The longer Levin mowed, the more often he felt those moments of oblivion during which it was no longer his arms that swung the scythe, but the scythe itself that lent motion to his whole body, full of life and conscious of itself, and, as if by magic, without a thought of it, the work got rightly and neatly done on its own. These were the most blissful moments.
It was hard only when he had to stop this by now unconscious movement and think, when he had to mow around a tussock or an unweeded clump of sorrel. The old man did it easily. The tussock would come, he would change movement and, using the heel or tip of the scythe, cut around it on both sides with short strokes. And as he did so, he studied and observed what opened up before him; now he picked off a corn–flag, ate it or offered it to Levin, now flung aside a branch with the tip of his scythe, or examined a quail’s nest from which the female had flown up right under the scythe, or caught a snake that had got in his way and, picking it up with the scythe as with a fork, showed it to Levin and tossed it aside.

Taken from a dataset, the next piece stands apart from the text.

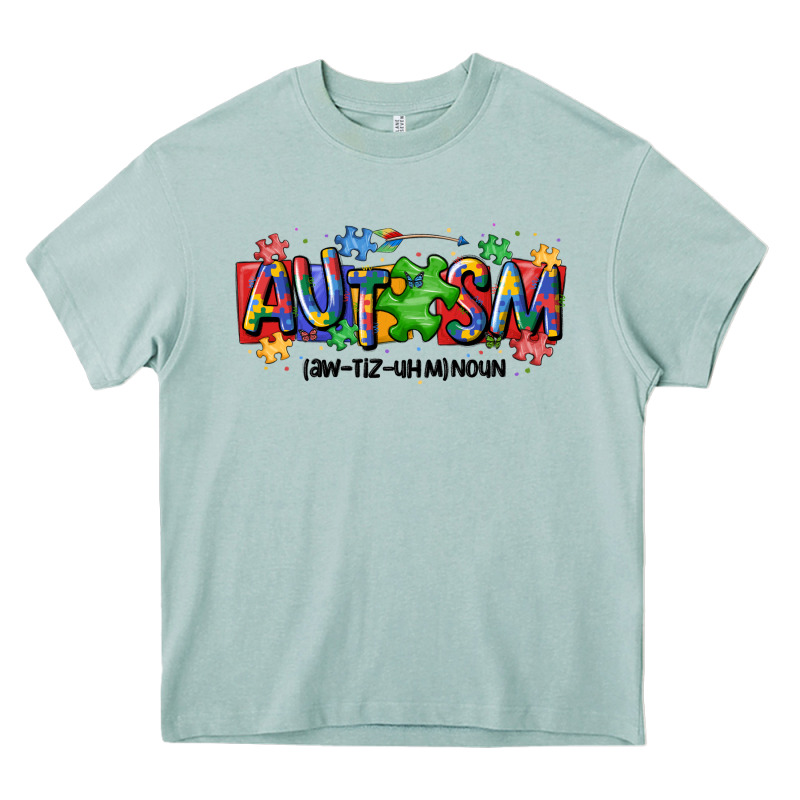 Autism Awtizuhm Noun Heavy Core Tee by MaliasSmallBusiness | Teevron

For Levin and the young lad behind him these changes of movement were difficult. Both of them, having got into one strenuous rhythm, were caught up in the passion of work and were unable to change it and at the same time observe what was in front of them.
Levin did not notice how the time passed. If he had been asked how long he had been mowing, he would have said half an hour – yet it was nearly dinner–time. Walking back down the swath, the old man drew Levin’s attention to the girls and boys, barely visible, coming towards the mowers from different directions, through the tall grass and along the road, their little arms weighed down with bundles of bread and jugs of kvass stoppered with rags.